Without the power to request medical records, the ASRM and other societies had no facts to go on other than what was being broadcast on often-sensational news shows. The physician's name, the number of embryos transferred, and even details about Ms. Suleman's family and financial circumstances were all purely speculative, Dr. Paulson argued.

“What on earth are you going to say? Whatever it was that they did, we strongly condemn it?” he asked rhetorically.

“Everyone was hoping that the California Medical Board would have some sanctions,” said Dr. Russell Foulk, a reproductive endocrinologist and infertility specialist in private practice in Reno, Nev.

However, no specific statutes may have been violated. The Medical Board of California's investigation into the circumstances of the Suleman case is ongoing, according to a spokeswoman at the board's headquarters in Sacramento. The board has not linked a physician's name with the case, although Ms. Suleman has identified Dr. Michael Kamrava of Beverly Hills, Calif. as her infertility specialist for all seven pregnancies.
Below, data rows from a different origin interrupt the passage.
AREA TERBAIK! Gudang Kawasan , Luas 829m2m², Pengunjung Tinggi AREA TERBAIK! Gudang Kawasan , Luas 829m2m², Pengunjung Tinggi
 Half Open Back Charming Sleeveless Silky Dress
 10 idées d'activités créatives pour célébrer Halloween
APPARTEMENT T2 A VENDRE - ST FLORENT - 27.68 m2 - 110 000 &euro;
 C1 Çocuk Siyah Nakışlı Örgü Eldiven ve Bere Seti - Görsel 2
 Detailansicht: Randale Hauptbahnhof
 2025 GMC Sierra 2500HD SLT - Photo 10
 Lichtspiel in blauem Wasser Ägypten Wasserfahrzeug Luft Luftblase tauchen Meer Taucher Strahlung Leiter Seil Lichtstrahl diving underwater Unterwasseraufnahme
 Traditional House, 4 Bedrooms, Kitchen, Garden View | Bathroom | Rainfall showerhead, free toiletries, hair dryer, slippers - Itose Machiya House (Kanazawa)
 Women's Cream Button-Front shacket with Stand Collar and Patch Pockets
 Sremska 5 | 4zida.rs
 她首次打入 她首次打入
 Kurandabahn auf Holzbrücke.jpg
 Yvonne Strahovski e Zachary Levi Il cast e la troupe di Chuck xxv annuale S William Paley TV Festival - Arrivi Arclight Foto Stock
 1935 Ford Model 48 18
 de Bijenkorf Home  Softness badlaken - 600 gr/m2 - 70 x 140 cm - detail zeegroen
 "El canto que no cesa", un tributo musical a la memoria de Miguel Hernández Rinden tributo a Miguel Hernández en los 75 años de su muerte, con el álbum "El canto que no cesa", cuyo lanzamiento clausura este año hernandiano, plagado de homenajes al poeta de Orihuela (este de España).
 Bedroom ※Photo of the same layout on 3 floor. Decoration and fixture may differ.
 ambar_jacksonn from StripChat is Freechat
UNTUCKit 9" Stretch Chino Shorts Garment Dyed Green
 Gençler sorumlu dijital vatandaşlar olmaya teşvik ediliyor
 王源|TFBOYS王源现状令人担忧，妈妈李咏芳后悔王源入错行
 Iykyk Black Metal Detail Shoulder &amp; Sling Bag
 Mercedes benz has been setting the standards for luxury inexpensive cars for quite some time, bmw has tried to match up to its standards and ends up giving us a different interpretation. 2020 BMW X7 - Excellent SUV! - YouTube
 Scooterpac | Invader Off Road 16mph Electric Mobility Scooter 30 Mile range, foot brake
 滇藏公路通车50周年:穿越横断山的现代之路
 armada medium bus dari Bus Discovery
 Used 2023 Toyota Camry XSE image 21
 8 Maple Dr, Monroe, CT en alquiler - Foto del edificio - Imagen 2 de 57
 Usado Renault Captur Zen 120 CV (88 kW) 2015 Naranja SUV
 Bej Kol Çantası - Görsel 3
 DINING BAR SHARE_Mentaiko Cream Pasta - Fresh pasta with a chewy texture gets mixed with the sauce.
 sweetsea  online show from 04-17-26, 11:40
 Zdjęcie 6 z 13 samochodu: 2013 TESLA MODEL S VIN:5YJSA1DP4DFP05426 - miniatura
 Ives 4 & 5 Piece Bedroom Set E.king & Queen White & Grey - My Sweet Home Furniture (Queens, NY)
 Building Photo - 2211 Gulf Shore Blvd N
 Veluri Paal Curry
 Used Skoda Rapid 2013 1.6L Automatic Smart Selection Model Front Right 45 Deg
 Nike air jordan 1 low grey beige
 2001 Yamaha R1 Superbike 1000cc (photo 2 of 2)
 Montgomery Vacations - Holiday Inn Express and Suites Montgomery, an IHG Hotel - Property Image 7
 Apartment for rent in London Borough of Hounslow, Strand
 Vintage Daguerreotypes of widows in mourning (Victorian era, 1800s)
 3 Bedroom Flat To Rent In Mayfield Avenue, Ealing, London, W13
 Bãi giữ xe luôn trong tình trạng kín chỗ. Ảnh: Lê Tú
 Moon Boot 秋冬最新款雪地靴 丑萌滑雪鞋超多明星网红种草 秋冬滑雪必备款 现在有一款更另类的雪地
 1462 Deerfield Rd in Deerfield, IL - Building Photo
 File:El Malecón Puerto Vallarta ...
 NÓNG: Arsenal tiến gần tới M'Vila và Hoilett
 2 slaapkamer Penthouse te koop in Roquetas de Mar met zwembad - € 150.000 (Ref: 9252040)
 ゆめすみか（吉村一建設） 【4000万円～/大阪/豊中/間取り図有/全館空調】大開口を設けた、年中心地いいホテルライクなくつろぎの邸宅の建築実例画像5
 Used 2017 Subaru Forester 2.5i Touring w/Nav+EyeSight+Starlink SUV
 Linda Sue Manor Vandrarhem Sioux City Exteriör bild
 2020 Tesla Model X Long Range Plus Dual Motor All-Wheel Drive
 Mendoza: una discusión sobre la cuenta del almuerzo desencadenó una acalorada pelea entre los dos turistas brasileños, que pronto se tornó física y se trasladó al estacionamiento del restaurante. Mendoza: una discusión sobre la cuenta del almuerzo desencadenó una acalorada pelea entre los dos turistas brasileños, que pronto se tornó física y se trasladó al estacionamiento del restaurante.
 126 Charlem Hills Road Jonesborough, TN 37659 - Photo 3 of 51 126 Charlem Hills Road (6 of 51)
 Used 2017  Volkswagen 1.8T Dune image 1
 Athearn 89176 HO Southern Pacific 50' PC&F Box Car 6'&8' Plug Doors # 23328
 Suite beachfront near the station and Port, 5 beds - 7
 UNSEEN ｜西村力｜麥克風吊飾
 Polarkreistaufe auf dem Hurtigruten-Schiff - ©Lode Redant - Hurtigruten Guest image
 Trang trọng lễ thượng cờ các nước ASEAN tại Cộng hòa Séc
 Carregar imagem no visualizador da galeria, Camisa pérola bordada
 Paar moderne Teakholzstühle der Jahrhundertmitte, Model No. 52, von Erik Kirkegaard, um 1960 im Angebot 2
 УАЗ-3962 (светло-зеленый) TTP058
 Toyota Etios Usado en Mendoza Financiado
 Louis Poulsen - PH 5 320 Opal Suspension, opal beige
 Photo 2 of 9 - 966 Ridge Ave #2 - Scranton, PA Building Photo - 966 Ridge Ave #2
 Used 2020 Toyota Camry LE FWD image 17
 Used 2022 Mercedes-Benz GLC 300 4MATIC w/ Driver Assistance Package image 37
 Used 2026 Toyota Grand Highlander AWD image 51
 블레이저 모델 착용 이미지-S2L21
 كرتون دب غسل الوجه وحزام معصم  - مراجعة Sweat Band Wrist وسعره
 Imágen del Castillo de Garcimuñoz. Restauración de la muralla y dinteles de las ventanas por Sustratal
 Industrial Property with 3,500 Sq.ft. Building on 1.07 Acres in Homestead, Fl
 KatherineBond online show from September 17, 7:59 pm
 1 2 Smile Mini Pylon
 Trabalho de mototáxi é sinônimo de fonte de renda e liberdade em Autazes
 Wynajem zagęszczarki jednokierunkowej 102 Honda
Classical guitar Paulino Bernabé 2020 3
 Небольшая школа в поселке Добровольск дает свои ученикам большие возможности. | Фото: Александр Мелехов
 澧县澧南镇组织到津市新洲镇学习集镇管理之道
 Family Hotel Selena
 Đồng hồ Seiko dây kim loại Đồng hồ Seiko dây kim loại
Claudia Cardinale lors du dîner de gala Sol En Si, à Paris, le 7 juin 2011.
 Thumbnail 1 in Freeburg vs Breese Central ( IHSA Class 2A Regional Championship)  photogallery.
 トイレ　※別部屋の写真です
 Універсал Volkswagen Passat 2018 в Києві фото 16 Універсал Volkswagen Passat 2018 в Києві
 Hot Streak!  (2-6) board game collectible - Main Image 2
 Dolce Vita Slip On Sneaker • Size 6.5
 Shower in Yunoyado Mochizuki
The presumed facts of the case suggest that Dr. Kamrava, who is not board certified, acted “grossly below the standard of care,” but that may not be enough to justify discipline by the board, said Dr. Paulson, chief of the division of reproductive endocrinology and infertility at the University of Southern California in Los Angeles.

The Centers for Disease Control and Prevention's Fertility Clinic Reports Web site for 2006 includes statistics from Dr. Kamrava's clinic and indicates that the average number of embryos transferred in women under 35 was 3.5. Of a total of 52 cycles in women of all ages, two live births resulted, both in women under 35 and one, a twin gestation.

A spokeswoman at Dr. Kamrava's office, the West Coast IVF Clinic Inc., said he would not be interested in doing an interview for this story.